Cédric PORTE. C’est un soulagement immédiat suivi d’une grande mélancolie. Tout est compliqué : se lever, se laver, sortir. J’avais mis à distance beaucoup de douleurs qui resurgissent. J’appelle alors un psy pour m’aider à comprendre ce que je vis, puis avec Nicolas CHABOTEAU avec qui j’ai écrit l’ouvrage, nous commençons à décortiquer notre expérience afin de mieux la comprendre.
Qu’est-ce qui va vous permettre de sortir de la mélancolie ?
Cédric PORTE. Le lien avec ma fille. Oui, c’est la responsabilité d’être père qui me plombe et me maintient à la fois. Cela me permet de trouver beaucoup de solutions face aux manques d’argent pour aller la voir (Ndlr : la fille de Cédric Porte habite avec sa maman à une centaine de km) comme par exemple d’aller à Rungis où les routiers sont contents de prendre des passagers pour les distraire de l’ennui des longs trajets. C’est cette créativité qui s’exerce aussi dans la capacité à voir les situations sous un autre angle. Je me sers de ma compétence de scénariste. « C’est ingénieux » me dit-on…., je réponds : « Oui : ça s’appelle faire du stop ! ». Les routiers sont solidaires entre eux, s’appellent pour dépanner et cela me permet de descendre gratuitement. On peut développer beaucoup de choses dont on n’a pas conscience.
J’ai aussi pour habitude de coller sur un mur les actions que je dois entreprendre. Je les regarde, elles sont sous mes yeux, je m’en imprègne et cela me permet de me mettre en action.
Je fais aussi des vœux à l’univers, cela s’appelle le «transurfing ». C’est accepter son impuissance sur certaines choses et laisser les problèmes se résoudre d’eux-mêmes. La vie n’est finalement qu’un jeu.
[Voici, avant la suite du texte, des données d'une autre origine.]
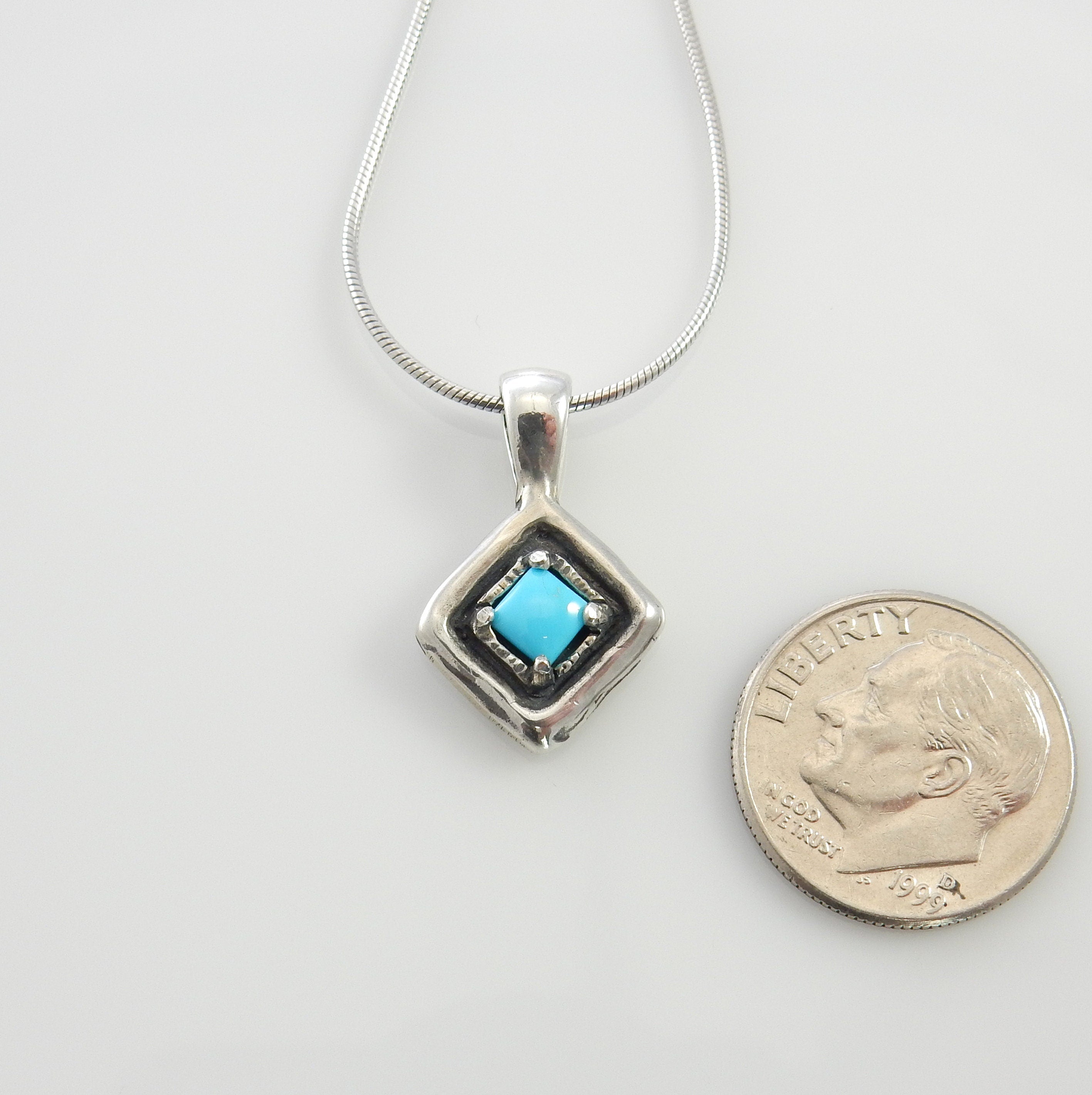 Sterling Silver turquoise drop pendant with chain, handmade blue turquoise square pendant for her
Voici l’ouvrage de Cédric PORTE et Nicolas CHABOTEAU publié en 2015 :
Publication :
serge Clérissi
Fév 21, 2016 @ 13:00:46
Le retour de la féodalité doit nous détourner de l’épanouissement par le travail subordonné. En attendant la prochaine révolution cultivons nôtre jardin source de bien être et de patience…
Fabienne Hostachy
Fév 21, 2016 @ 14:55:52
Merci Serge pour votre commentaire. Oui, se sentir bien et être en accord avec ce que l’on fait me semble important que cela soit dans un travail subordonné ou non. La nouvelle idéologie serait aujourd’hui d’être son propre patron. Ce qui m’ennuie c’est que cela devient peu à peu une injonction et non plus une liberté.